[Exercise]
Whenever the word "Wall" occurs in a line of the material below, that line is counted. Report only the count.
::: Material shown :::
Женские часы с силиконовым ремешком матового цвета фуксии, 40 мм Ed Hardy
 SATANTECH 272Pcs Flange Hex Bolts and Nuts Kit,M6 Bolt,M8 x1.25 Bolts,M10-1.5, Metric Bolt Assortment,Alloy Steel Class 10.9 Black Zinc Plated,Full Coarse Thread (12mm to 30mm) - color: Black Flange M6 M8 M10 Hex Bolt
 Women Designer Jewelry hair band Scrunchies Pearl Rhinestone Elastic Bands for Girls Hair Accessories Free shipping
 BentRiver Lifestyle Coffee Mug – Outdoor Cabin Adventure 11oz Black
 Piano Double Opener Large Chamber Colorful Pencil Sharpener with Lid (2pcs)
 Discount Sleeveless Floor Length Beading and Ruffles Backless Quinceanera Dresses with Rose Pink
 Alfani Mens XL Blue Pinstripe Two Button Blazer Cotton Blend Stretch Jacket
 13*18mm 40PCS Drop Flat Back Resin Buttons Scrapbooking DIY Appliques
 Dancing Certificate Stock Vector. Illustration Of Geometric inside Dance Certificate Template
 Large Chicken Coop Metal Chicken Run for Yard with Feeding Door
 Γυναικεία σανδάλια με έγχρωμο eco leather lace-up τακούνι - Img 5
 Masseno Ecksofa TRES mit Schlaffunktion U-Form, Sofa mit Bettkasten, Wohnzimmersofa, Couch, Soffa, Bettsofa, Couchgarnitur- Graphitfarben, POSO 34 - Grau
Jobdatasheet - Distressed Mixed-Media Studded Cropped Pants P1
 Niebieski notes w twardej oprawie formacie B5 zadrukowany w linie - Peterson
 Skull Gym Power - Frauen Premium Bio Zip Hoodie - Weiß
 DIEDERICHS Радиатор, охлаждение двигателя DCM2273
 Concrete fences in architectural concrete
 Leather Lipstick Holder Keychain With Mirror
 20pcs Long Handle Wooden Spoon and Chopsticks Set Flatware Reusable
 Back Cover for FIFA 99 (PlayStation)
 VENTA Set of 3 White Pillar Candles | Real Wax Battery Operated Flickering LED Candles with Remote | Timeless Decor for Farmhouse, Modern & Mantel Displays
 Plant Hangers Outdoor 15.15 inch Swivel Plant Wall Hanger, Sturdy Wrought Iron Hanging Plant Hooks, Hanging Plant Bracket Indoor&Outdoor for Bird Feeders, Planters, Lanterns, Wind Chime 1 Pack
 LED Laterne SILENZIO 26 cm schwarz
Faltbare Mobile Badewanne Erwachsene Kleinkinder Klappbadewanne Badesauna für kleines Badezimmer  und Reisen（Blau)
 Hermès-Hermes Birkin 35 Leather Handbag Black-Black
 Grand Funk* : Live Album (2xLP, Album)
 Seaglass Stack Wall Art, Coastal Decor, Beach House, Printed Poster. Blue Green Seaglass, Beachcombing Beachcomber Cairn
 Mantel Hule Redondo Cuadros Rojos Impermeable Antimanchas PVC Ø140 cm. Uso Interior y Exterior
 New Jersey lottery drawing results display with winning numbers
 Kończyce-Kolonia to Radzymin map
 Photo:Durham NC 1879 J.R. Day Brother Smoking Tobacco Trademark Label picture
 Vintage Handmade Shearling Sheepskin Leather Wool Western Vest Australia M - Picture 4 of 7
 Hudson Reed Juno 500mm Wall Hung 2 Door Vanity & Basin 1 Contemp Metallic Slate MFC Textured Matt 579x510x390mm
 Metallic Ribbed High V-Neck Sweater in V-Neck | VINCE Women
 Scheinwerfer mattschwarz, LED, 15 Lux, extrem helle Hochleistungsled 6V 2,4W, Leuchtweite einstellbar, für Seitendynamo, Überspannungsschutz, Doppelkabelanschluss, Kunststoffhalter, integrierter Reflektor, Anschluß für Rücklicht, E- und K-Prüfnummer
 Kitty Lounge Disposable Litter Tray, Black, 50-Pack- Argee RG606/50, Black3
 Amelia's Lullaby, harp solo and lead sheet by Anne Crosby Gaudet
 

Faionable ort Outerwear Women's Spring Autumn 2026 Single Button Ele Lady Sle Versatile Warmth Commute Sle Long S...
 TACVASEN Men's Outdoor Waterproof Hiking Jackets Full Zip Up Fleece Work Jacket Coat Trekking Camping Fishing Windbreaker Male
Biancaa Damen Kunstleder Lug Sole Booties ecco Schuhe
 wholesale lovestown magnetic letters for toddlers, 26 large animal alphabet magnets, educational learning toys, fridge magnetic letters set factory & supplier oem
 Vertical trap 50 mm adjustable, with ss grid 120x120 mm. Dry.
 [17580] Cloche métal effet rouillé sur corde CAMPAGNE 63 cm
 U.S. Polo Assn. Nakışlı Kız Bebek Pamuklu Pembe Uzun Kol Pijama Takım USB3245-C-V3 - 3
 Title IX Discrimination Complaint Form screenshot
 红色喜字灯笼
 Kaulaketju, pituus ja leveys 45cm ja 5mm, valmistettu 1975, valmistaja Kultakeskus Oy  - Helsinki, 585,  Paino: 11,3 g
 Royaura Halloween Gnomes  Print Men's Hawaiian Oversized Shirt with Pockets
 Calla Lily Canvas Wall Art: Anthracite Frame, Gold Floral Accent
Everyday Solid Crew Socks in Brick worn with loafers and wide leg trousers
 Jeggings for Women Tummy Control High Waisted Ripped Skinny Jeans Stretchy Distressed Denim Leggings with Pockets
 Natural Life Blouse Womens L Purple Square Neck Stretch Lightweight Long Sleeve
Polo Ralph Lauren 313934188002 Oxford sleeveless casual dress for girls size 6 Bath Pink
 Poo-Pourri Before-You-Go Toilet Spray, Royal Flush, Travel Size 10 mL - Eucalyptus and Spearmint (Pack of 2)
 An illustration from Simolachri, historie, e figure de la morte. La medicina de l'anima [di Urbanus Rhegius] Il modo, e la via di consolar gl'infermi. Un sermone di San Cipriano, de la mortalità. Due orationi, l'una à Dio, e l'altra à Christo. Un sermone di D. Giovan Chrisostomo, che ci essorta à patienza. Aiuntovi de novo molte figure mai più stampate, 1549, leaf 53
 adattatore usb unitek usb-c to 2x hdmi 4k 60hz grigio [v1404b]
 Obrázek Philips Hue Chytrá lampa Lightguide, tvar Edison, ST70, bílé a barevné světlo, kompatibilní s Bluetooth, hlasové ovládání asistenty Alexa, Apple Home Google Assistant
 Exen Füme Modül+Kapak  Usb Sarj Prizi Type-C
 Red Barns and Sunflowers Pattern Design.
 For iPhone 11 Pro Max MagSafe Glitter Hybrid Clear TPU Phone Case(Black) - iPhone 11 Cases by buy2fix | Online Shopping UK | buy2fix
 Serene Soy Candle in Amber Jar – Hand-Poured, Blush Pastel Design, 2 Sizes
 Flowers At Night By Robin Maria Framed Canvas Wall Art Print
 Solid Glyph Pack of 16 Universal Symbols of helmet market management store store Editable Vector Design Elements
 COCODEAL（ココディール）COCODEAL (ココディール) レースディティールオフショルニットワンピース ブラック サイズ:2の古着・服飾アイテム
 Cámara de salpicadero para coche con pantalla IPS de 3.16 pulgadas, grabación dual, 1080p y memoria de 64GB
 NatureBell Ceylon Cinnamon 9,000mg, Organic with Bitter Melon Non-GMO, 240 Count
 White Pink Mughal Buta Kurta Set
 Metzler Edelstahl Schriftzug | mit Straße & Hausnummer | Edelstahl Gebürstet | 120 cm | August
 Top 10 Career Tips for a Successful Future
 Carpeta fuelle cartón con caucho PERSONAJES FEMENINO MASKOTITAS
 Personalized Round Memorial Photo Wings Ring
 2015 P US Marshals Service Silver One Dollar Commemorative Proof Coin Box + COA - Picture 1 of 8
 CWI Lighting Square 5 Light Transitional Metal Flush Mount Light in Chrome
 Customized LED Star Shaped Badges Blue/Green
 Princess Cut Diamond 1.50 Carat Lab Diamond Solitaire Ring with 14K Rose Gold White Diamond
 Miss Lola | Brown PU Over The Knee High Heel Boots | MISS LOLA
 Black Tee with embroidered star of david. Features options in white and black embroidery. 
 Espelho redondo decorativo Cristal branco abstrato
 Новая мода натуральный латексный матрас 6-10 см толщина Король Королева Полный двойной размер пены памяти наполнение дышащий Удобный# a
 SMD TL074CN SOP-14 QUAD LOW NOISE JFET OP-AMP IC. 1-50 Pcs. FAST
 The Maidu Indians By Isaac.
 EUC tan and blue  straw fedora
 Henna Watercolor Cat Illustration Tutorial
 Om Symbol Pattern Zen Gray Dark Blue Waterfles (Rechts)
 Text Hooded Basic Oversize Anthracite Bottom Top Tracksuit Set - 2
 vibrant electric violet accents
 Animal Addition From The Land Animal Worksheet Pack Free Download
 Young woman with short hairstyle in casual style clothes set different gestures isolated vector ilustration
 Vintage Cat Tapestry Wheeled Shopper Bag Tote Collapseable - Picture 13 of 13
:::
[Written response]
5